USAID has invited a representative from the Ministry of Finance to be a liaison on the Country Development Cooperation Strategy (CDCS). USAID is the first development partner to include a government representative at this early stage of strategy development. The Minister of Finance applauded the cooperation and said that USAID is the first donor to invite host-country representatives to participate in the strategy development process. USAID Timor Leste is a strong supporter of the g7+ New Deal for Engagement with Fragile States and host-country-driven development.

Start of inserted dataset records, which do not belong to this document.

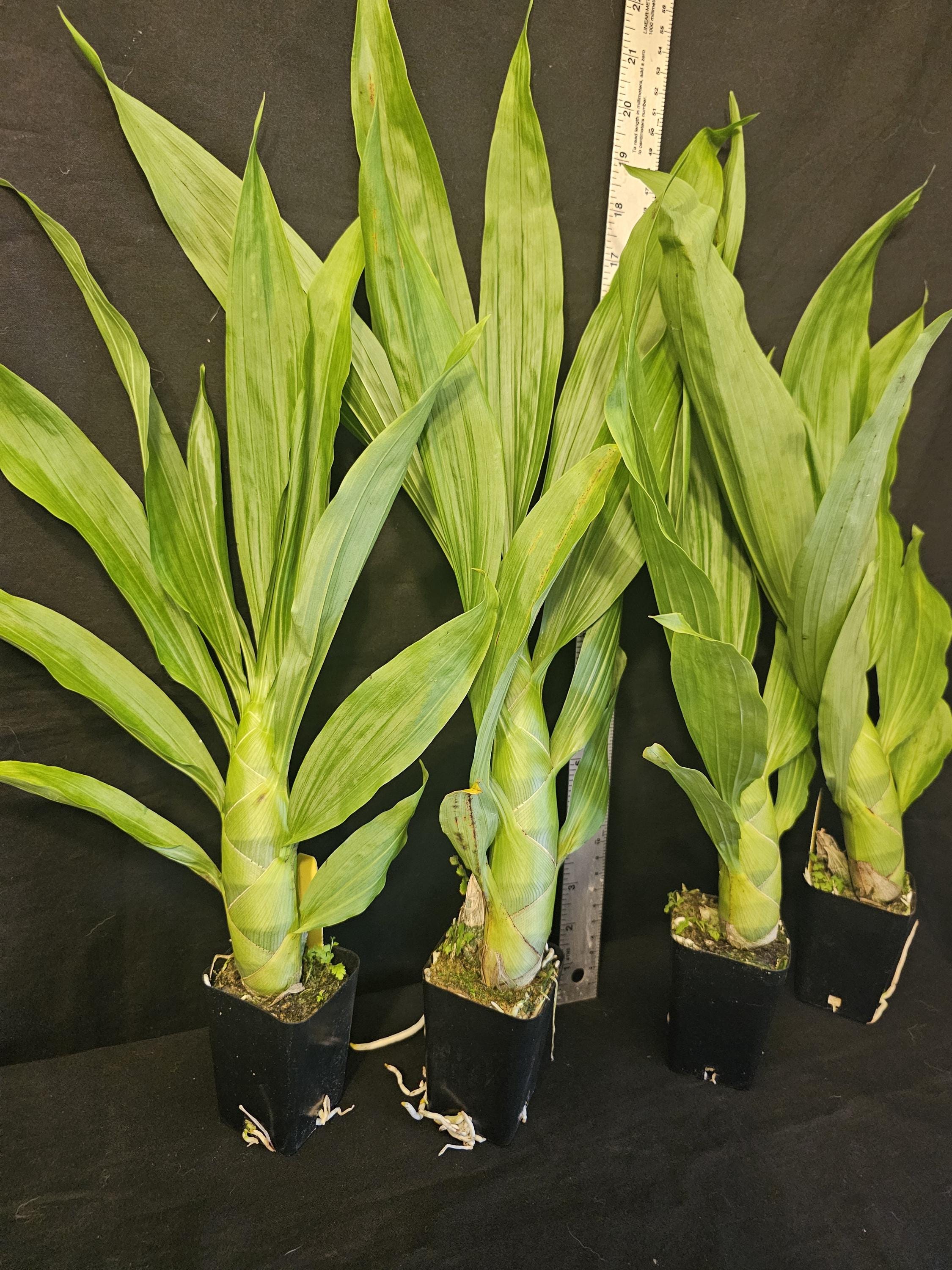 Cycd. Emerald Swans (mormodes Tezontle X Cycnoches Warszewiczii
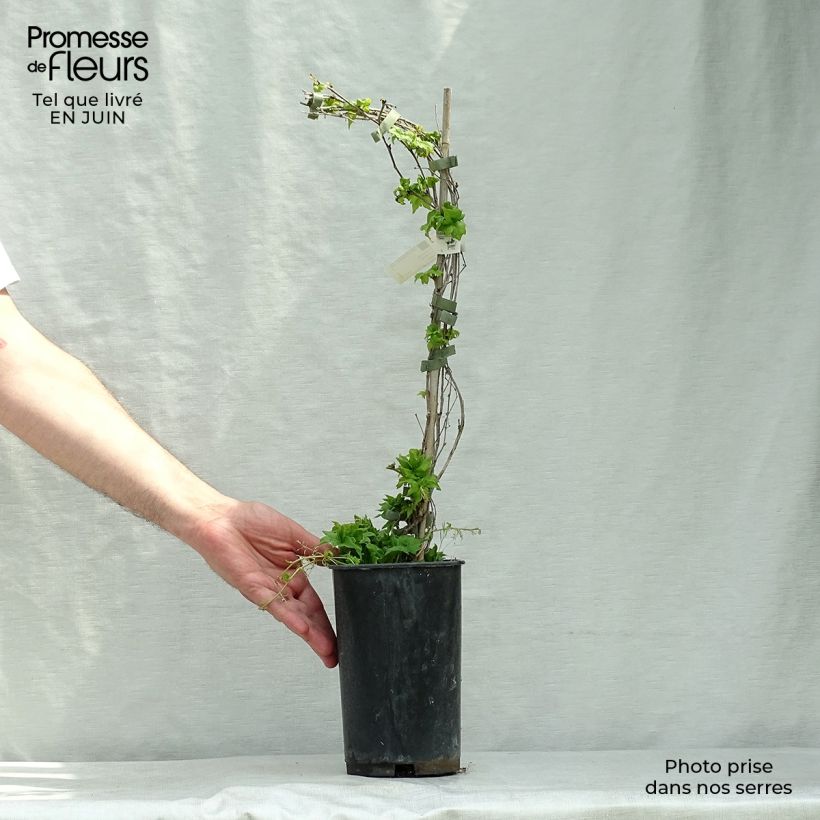 Parthenocissus tricuspidata Lowii- Boston Ivy 2L/3L pot sample as delivered in summer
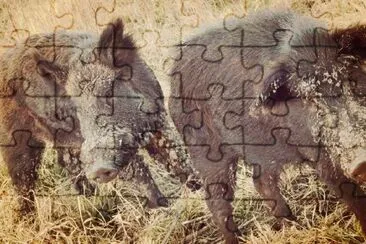 Boars jigsaw puzzle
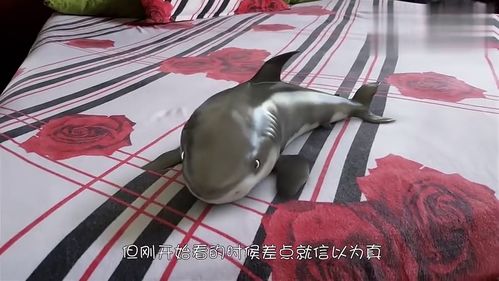 宠物猫鲨鱼宝宝怎么养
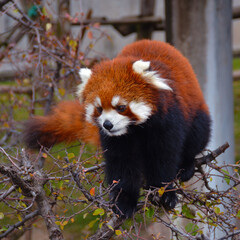 Obraz premium red panda in tree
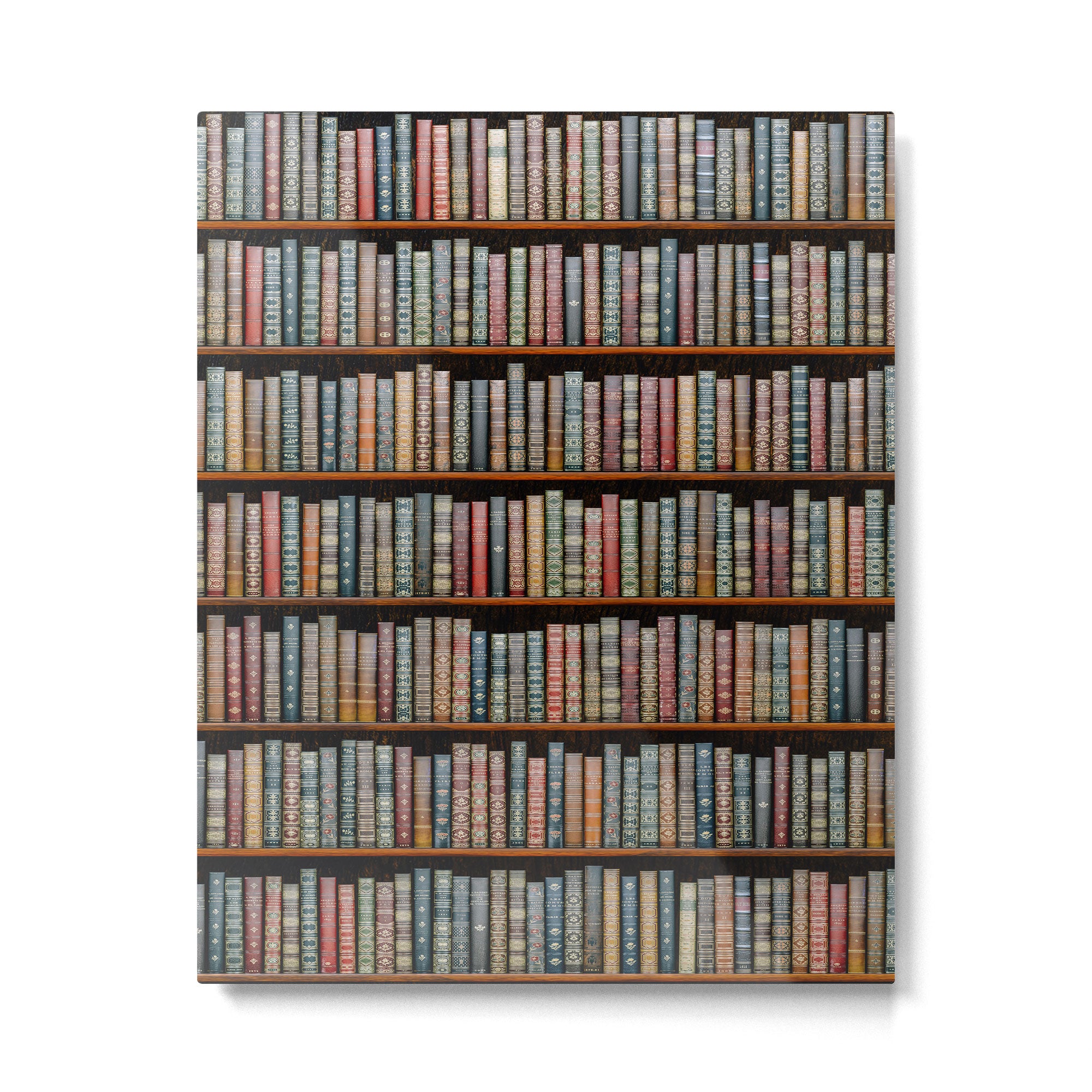 The Library Metal Print Gallery Image 6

USAID's health program, Hadiak, this week brought ten Indonesian skilled midwives to Timor-Leste to fill in temporarily while the Ministry of Health trains its own midwives. The Indonesian midwives and their extra skills will be assigned to areas in the country where the need is greatest. The deployment will also improve infant and child immunization rates.
The USAID-MCC anticorruption project took advantage of the presence of USAID Office of the Inspector General (OIG) investigators in Dili to share their expertise with the independent Anti-Corruption Commission on the challenges of handling internal fraud and corruption investigations. The OIG special agents worked directly with Commission investigators and offered investigative assistance on cases of mutual interest within Timor-Leste. The Commission invited the special agents to return in the future to provide further investigations training.
USAID's community horticulture project was highlighted at an international conference in Dili in early February. Participating farmers brought their produce and their entrepreneurial expertise to an exhibition of best practices at the Forum for Inclusive Growth, sponsored by the Government of Timor-Leste and UNDP, to identify opportunities for spurring private-sector growth.
Judge Counsellor Dra. Maria Natercia Perriera Gusmao at the Court of Appeal formally expressed her thanks to USAID this week for providing office furniture and IT hardware to the court. The desks, chairs, filing cabinets and computers will allow seven newly-trained auditors to start work immediately within the soon-to-be-formed High Administrative, Tax and Audit Court (HATAC). The furniture and computers were transferred from USAID's Justice Institutions Strengthening Project, which will close at the end of March.
Parliamentarian Manuel Tilman, head of Parliament’s Committee C on Economy, Finance and Anti-Corruption, this week launched a new Anti-Corruption Desk Reference developed at his request with help from the USAID-MCC anti-corruption project. The reference includes all the current legislation related to corruption and other useful resources. Tilman said that the reference will “strengthen the debate by Parliamentarians and reduce our reliance on foreign advisors.
International Anti-Corruption Day on Dec. 9 was widely marked in Timor-Leste last week. The head of the independent Anti-Corruption Commission announced the results of a recent USAID-funded survey in Timor-Leste indicating growing concern about corruption. Speakers lauded the U.S. Government for its continuing support for anti-corruption initiatives, including USAID's technical, policy and legal support for the Anti-Corruption Commission, funded in part by the MCC.